He found himself relaxing under her kind, impish gaze. “Rommath hardly makes time for most people,” he said diplomatically. 

“Yes I do!”

“I am his _sister,”_ the girl insisted. And she glared at her brother. “You should always make time for me.” 

And Astalor had left them in the harbormaster’s office sometime after, because that was the entire reason Kael had insisted on this vacation ﹣ for Rommath to see his sister after the failing of his archmage exams. (And Astalor still could not believe Rommath had _failed._ The man studied harder than any of them.) Had he known then what he knew now, he would not have returned to Aubade Hall and Kael, or sat through a long and frankly concerning story of cousin Lor’themar’s latest skirmish with murlocs. If he had known at the time what he knew now, he would have stayed in the dingy little office, and listened with rapt attention as his friend and his sister caught up, and perhaps he would have even shoved Rommath aside and jumped into the conversation himself. 

* * *

The Scourge brought many changes to Quel’Thalas. Anasterian was dead, and with him Kael’s desperation to hide from his destiny. He returned to Silvermoon, and Astalor went with him. 

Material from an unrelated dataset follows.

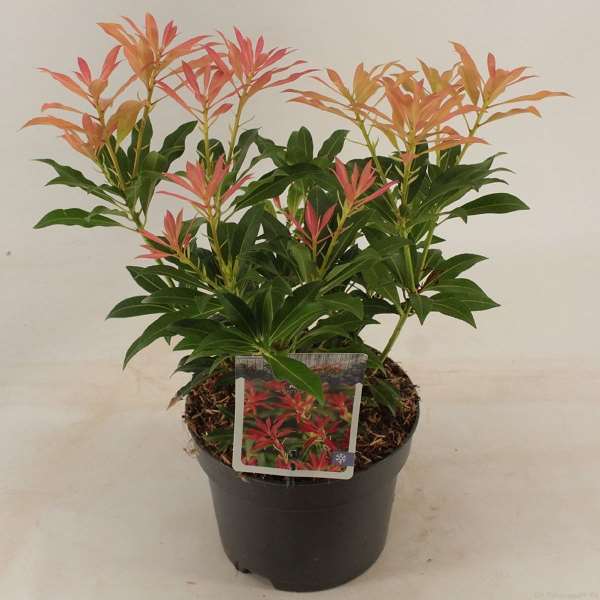 Picture of PIERIS JAPONICA FOREST FLAME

Astalor didn’t like blood, and after finding the body of his mother when he was a child, he didn’t much like the sight of dead bodies either. He found he was a much better help in the background, dispatching runners to the various Bloodsworn properties and ordering them opened to all who needed shelter or food or medical attention, consulting with the Farstriders and procuring necessities. More than once, he found himself pushing an exhausted Kael into a cot to sleep, or brewing yet another cup of coffee for Rommath who refused to. He got quite good at making coffee, in the aftermath of the Scourge. He found his father, badly injured but alive, counted himself luckier than most.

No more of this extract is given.